▶ **Instructions for the task**
Would you please repeat exactly the entries below, starting at the line with "165 West End Avenue, Unit 12E photo 6" and ending at the line with "Central Modern Flat", and nothing outside that range? Leave out the pictures.

▶ **Records shown**
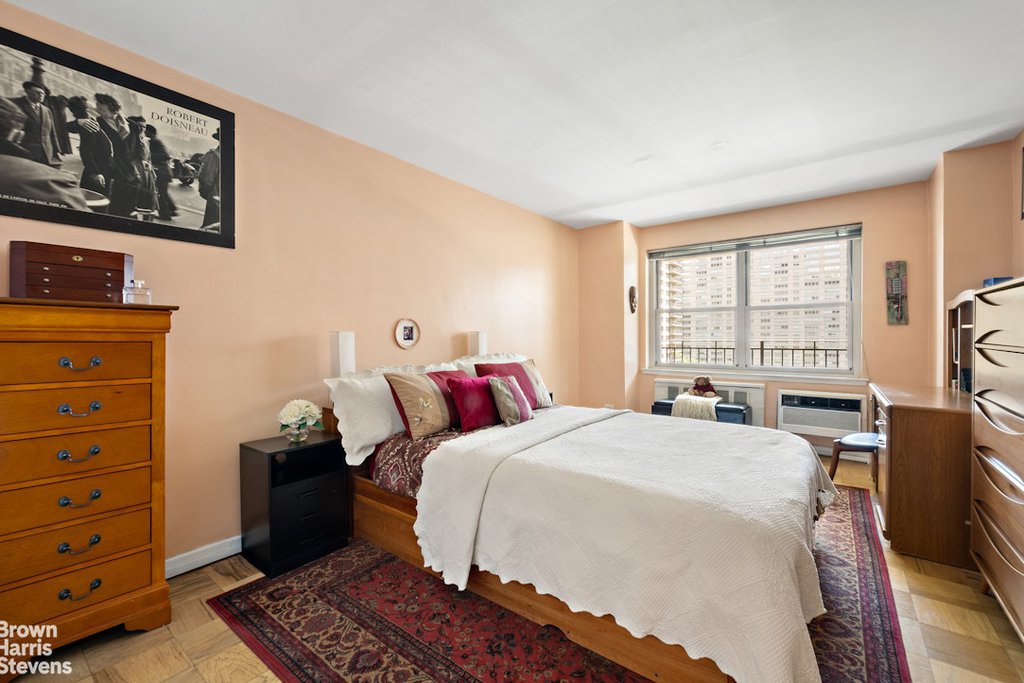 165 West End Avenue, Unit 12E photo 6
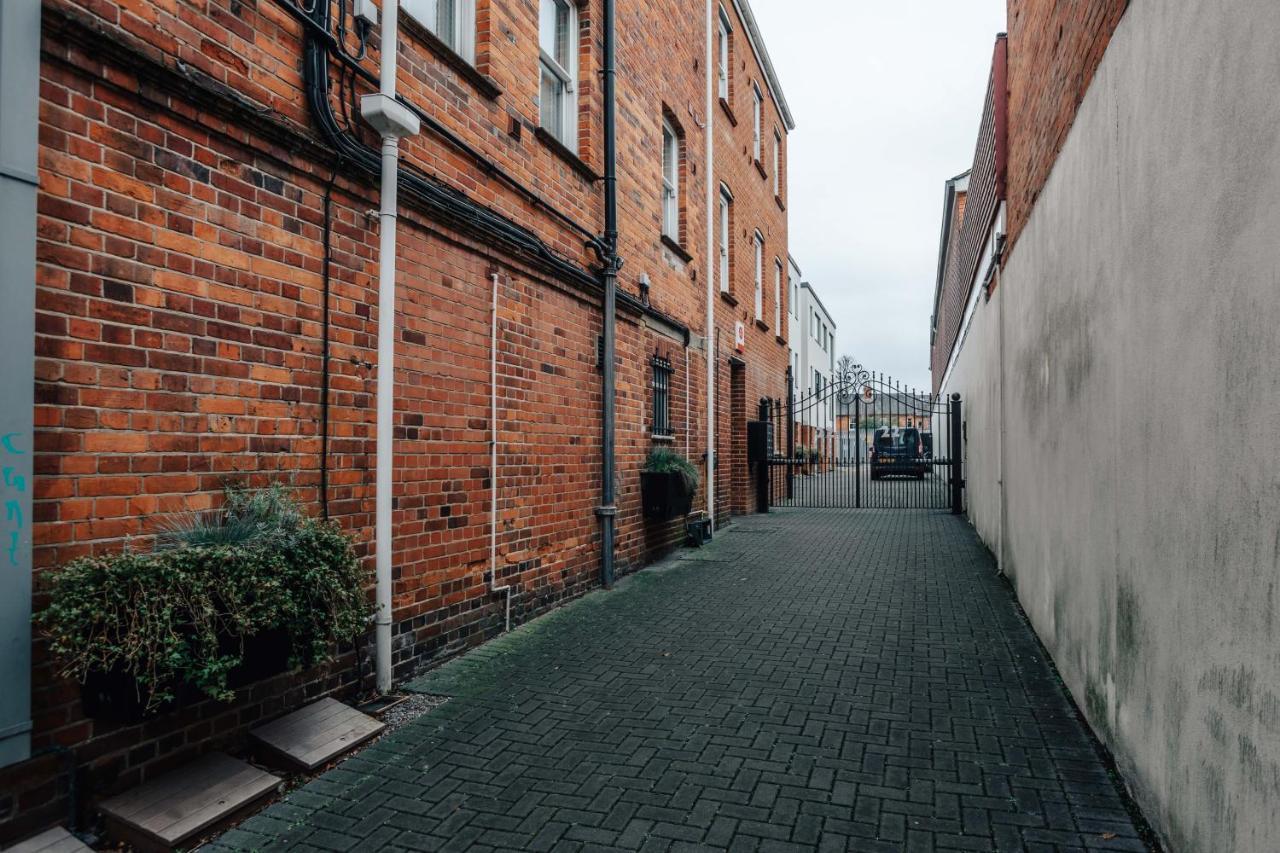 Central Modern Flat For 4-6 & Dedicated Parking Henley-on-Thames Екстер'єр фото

* * *

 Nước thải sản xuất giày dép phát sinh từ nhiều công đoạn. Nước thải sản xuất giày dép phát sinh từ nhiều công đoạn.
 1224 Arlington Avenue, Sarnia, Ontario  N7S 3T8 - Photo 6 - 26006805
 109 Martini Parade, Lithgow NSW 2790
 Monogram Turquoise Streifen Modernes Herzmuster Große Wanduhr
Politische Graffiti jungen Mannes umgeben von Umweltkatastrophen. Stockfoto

==

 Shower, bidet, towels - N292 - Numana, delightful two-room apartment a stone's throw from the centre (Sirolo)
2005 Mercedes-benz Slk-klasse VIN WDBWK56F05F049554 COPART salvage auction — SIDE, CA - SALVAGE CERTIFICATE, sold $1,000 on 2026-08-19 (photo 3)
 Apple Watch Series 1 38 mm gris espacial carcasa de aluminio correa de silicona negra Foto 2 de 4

▶ **Task solution**
 165 West End Avenue, Unit 12E photo 6
 Central Modern Flat For 4-6 & Dedicated Parking Henley-on-Thames Екстер'єр фото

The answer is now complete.